État membre Export. 2015 (M EUR) Export. 2025 (M EUR) Variation
Allemagne 95,2 103,7 +9,0 %
Espagne 37,3 12,8 –65,7 %
Italie 20,4 16,6 –19,0 %
Autriche 27,1 16,0 –40,9 %
Suède 19,9 8,0 –59,7 %
France 20,5 10,1 –50,7 %

L'Allemagne concentre désormais à elle seule près de 58 % des exportations de l'UE vers les pays tiers (contre 39 % en 2015), un degré de concentration intra-UE qui présente un risque en cas de choc industriel affectant le secteur allemand.

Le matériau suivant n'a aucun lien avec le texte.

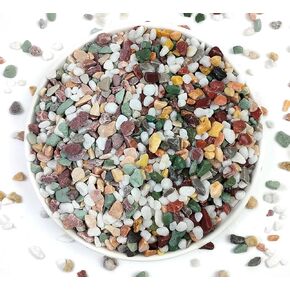 2LB Succulent and Cactus Gravel Pebbles, 1/5 Inch Natural Decorative Polished Stones, River Rocks for Vases Gardening Indoor and Outdoor Decorative Rocks, Colorful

3. Résilience industrielle, volatilité et adaptation structurelle

3.1 Une capacité de production européenne apparemment en forte expansion

Les données de production PRODCOM montrent une multiplication par vingt des volumes produits dans l'UE (de 100 310 t à 2 081 696 t) et par vingt-cinq de la valeur (de 70,1 M à 1 751,4 M EUR). Cette progression spectaculaire doit cependant être interprétée avec prudence : elle reflète vraisemblablement une extension de la couverture déclarative (davantage d'États membres et d'entreprises participant à l'enquête PRODCOM) plus qu'une croissance réelle de cette ampleur. En effet, une telle expansion de la production serait difficilement compatible avec la baisse simultanée des exportations et la relative stabilité des importations, à moins d'un effondrement de la consommation intérieure — scénario contredit par la dynamique économique européenne sur la période.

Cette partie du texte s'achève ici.